Pagina:Le murate di Firenze, ossia, la casa della depravazione e della morte.djvu/76


— 73 —

CAPITOLO XXIX.

Quinta veduta.

Nella quinta stanza stava seduto, accanto a un tavolino, un vecchietto asciutto, adusto, allampanato, sdiridito, il quale con in bocca un risolino da imbecille, gongolava e si struggeva in guardare un mucchietto di monete d’oro che aveva dinanzi. Stropicciavasi le mani, assottigliava le labbra, dava di spallette tragittandosi in mille guise, e di tanto in tanto prendeva in mano una di quelle monete, la osservava per ogni verso, e postala in vetta all’indice o al medio della destra mano ne bilanciava il peso, e soddisfatto la posava per prenderne un’altra e in simil modo sperimentarla. In tutte le sue mosse, in tutta la sua espressione era veramente ridicolo; in fronte aveva scritto — Il cacaciano.
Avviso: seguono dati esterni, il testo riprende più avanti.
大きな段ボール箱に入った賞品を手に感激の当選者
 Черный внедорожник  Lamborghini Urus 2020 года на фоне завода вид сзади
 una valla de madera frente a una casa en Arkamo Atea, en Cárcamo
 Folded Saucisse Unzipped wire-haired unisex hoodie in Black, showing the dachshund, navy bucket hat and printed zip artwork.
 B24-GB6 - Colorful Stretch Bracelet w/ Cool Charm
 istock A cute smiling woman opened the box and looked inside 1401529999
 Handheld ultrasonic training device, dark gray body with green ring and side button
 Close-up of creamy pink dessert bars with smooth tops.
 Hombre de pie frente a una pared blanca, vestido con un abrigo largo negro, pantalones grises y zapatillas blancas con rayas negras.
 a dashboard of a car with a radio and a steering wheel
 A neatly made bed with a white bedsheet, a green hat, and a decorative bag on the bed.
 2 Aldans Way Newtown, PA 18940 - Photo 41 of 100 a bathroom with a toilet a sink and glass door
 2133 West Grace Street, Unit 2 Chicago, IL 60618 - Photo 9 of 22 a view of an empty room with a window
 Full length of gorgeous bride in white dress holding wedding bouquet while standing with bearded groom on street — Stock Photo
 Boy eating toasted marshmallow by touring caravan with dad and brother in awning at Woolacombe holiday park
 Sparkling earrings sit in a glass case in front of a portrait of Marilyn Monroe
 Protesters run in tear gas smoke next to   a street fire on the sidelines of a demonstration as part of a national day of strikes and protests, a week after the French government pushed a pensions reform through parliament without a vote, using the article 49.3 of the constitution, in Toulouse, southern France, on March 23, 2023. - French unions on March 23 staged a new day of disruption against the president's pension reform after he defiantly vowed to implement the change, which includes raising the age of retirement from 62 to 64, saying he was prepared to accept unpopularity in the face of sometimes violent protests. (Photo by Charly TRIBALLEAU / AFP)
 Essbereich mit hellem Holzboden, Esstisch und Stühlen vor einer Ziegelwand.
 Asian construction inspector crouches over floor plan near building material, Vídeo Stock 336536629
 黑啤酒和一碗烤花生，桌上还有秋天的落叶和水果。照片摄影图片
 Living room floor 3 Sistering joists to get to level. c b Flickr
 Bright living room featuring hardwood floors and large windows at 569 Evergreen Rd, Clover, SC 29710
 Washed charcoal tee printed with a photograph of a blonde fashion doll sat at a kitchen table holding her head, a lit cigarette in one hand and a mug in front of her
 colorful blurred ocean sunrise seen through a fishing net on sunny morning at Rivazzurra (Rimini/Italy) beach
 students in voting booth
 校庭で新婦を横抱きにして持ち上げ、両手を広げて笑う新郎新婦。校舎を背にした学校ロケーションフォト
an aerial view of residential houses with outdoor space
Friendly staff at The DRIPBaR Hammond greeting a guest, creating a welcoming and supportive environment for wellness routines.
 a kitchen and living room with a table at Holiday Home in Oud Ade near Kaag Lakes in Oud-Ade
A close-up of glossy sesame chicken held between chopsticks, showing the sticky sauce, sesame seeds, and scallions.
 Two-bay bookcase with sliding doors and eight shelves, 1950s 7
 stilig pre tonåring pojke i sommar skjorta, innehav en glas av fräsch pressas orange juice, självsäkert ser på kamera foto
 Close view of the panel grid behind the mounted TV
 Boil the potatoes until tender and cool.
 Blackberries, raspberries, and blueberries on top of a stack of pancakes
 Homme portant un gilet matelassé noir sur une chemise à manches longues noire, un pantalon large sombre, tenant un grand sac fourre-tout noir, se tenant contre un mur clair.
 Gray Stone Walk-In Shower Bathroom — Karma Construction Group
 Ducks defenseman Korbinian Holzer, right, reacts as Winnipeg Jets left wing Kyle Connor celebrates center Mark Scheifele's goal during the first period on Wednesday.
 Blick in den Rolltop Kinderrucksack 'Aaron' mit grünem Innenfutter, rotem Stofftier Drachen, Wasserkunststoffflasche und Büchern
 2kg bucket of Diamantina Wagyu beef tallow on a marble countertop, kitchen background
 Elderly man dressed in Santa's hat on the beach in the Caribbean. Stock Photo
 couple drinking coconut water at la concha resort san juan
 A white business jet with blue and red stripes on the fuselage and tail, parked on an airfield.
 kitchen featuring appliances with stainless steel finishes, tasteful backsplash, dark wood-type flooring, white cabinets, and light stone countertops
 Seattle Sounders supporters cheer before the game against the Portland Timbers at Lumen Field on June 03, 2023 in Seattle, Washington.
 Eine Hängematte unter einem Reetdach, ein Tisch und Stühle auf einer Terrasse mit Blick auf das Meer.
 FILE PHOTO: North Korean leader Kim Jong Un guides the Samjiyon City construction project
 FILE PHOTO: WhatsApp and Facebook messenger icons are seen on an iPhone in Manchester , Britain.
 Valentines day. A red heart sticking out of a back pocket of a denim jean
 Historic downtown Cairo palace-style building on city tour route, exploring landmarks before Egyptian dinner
— Questo palo in pelliccia, diss’io al genio, non deve essere un soggettaccio così perverso, come quelli che abbiamo fin qui veduti; m’ha l’aria di un barbalacchio, di un pascibietole; ditemi se m’apposi al vero.

— Non andasti errato: è un vero gocciolone, un imbecille cacastecchi tanto vano scempiato e sciocco da non potersi dire. Ha per moglie una lupa insatollabile, inesplebile, una vera e sguaiata sgualdrina, la quale facendo profitto della di lui balordaggine, sovente si finge indisposta o malata, e manda il marito istesso in cerca del di lei bertone, che è di professione medico.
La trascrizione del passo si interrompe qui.